▶ **Work to complete**: Write out the entire listing below exactly, with the pictures left out.

----

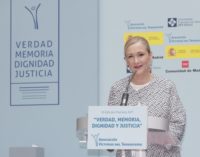 Cifuentes reivindica “memoria, dignidad y justicia” para las víctimas del terrorismo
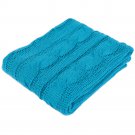 Battilo Eastin Dual Cable Knit Throw Blanket, Soft Cozy Snuggle TV Blanket, 50"x60" (Blue)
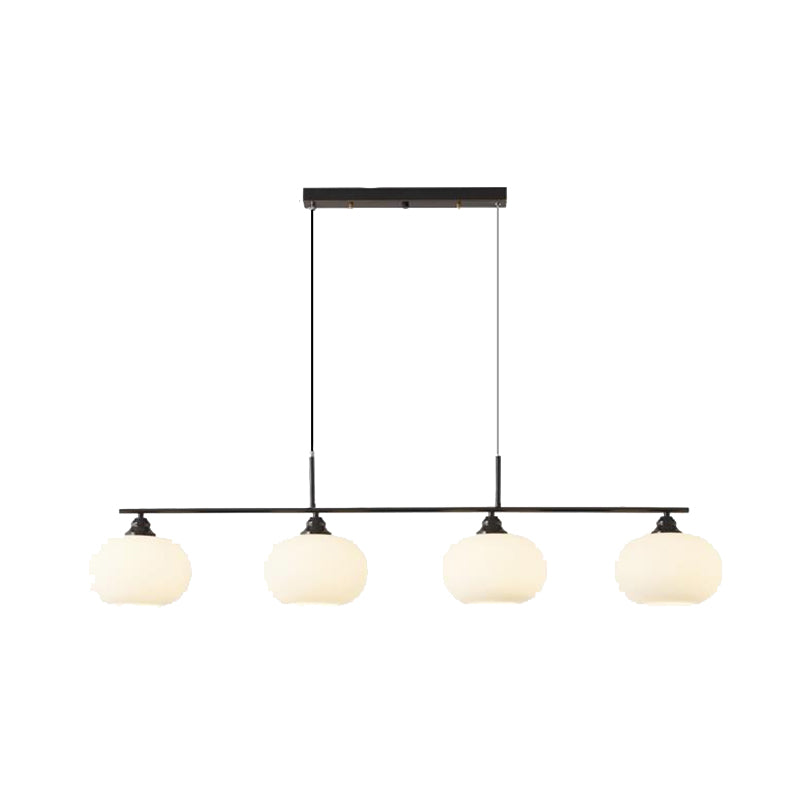 3/4-Light Contemporary Kitchen Island Lighting Shaded Ceiling Light in Golden/Black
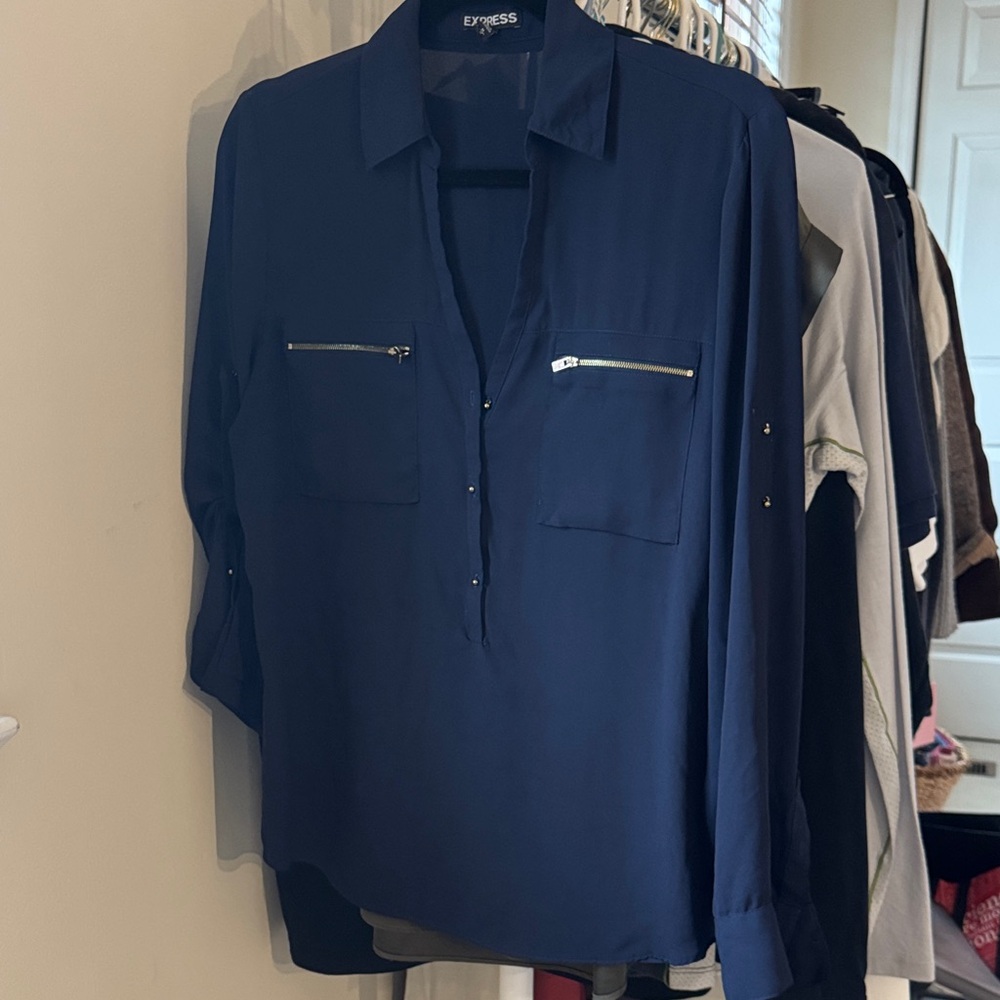 Express Deep Blue Blouse with Zipper Accents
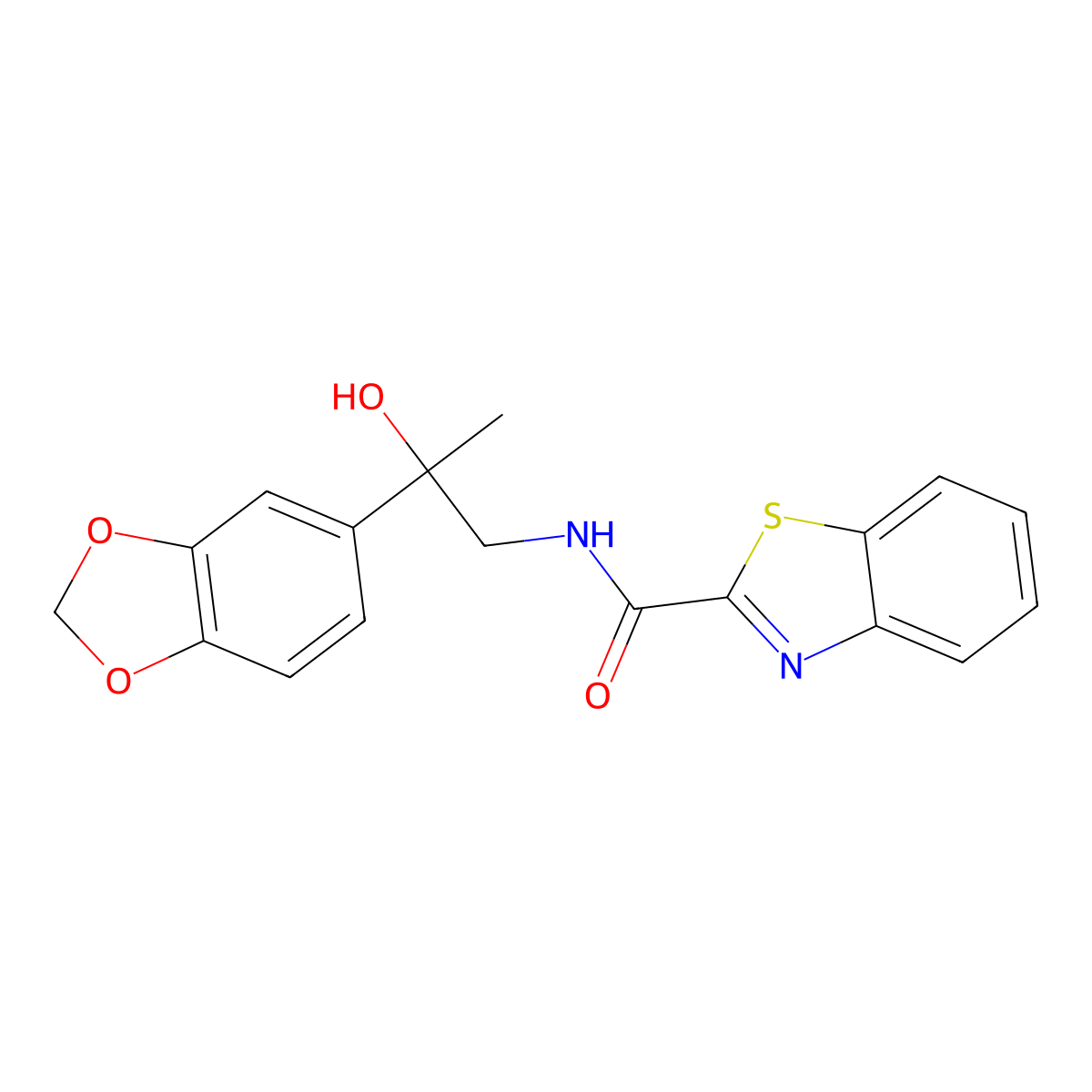 N-(2-(benzo[d][1,3]dioxol-5-yl)-2-hydroxypropyl)benzo[d]thiazole-2-carboxamide molecular structure, CAS 1396675-36-7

----

▶ **Your response**:
 Cifuentes reivindica “memoria, dignidad y justicia” para las víctimas del terrorismo
 Battilo Eastin Dual Cable Knit Throw Blanket, Soft Cozy Snuggle TV Blanket, 50"x60" (Blue)
 3/4-Light Contemporary Kitchen Island Lighting Shaded Ceiling Light in Golden/Black
 Express Deep Blue Blouse with Zipper Accents
 N-(2-(benzo[d][1,3]dioxol-5-yl)-2-hydroxypropyl)benzo[d]thiazole-2-carboxamide molecular structure, CAS 1396675-36-7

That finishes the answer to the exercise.